Tropical Storm Elsa strengthened early Friday to become the first hurricane of the 2021 Atlantic season.
By Friday night, the Category 1 storm had maximum sustained winds of 85 mph as it moved quickly in the Caribbean Sea, the National Hurricane Center said. It was about 475 miles east-southeast of Isla Beata in the Dominican Republic and was moving west-northwest at 30 mph.
Hurricane warnings were in place for part of the southern coast of the Dominican Republic and in Haiti, as well as for all of Jamaica. Tropical warnings or watches covered the rest of the coasts of Hispaniola.
The hurricane entered the Caribbean Sea Friday after causing damage in Barbados, St. Lucia and St. Vincent and the Grenadines, the Caribbean Disaster Emergency Management Agency reported. Barbados officials reported that there were collapsed houses, it said.
“We are getting a lot of reports of damage,” said Wilfred Abrahams, minister of home affairs, information and public affairs for Barbados, according to The Associated Press.
The storm is expected to pass by the southern coast of Haiti and the Dominican Republic on Saturday and to move near Jamaica and Cuba on Sunday.
Elsa could bring 1 to 3 inches of rain to Puerto Rico Friday night into Saturday. Across portions of Haiti, the Dominican Republic and Jamaica, rainfall of 4 to 8 inches, with isolated maximum amounts of 15 inches, is possible Saturday into Sunday.
Flash flooding, landslides and mudslides are all possible. A storm surge of 4 to 6 feet could be seen in southern Cuba, and 2 to 4 feet in parts of Haiti and the Dominican Republic, the hurricane center said.

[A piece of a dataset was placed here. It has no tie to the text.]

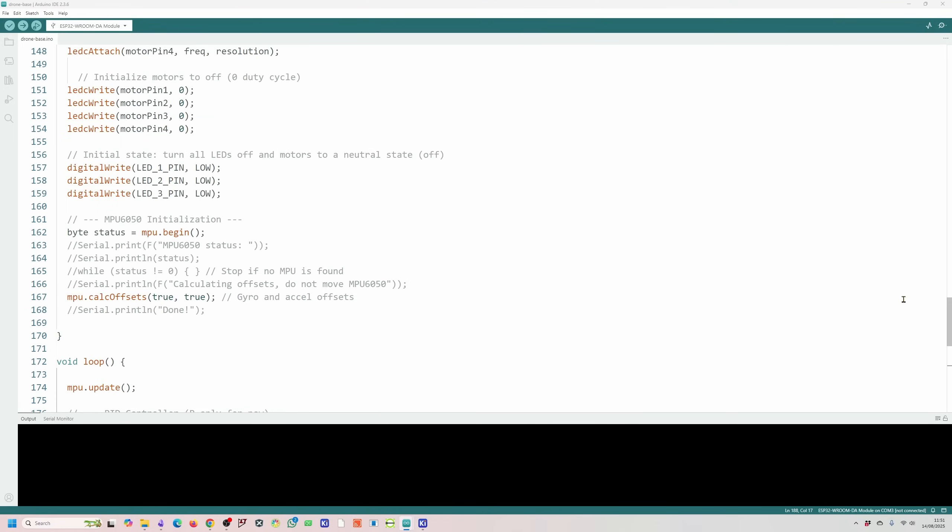So this is all the code I have for the drone at the moment and as you can see it is working in terms of the communication and controlling the motors. It's not working in terms of flight.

The storm could be near Florida early next week. Just how strong will depend on how much it interacts with the land masses of the Dominican Republic, Haiti and Cuba. Rough terrain could weaken the storm if it travels across mountainous regions.
Elsa’s fringe impacts, like gusty winds and outer rain bands, could near southern Florida late Sunday and into Monday.
Elsa broke the record Thursday for the earliest fifth-named tropical storm of the season. It rapidly intensified in 24 hours from a 40-mph tropical storm on Thursday morning to a 75-mph hurricane on Friday morning.
It is also an unusually early hurricane. The average date for the first Atlantic hurricane of the season is Aug. 14. Elsa’s arrival is three weeks earlier than 2020’s Hurricane Hanna, which formed on July 25.
Phil Helsel contributed.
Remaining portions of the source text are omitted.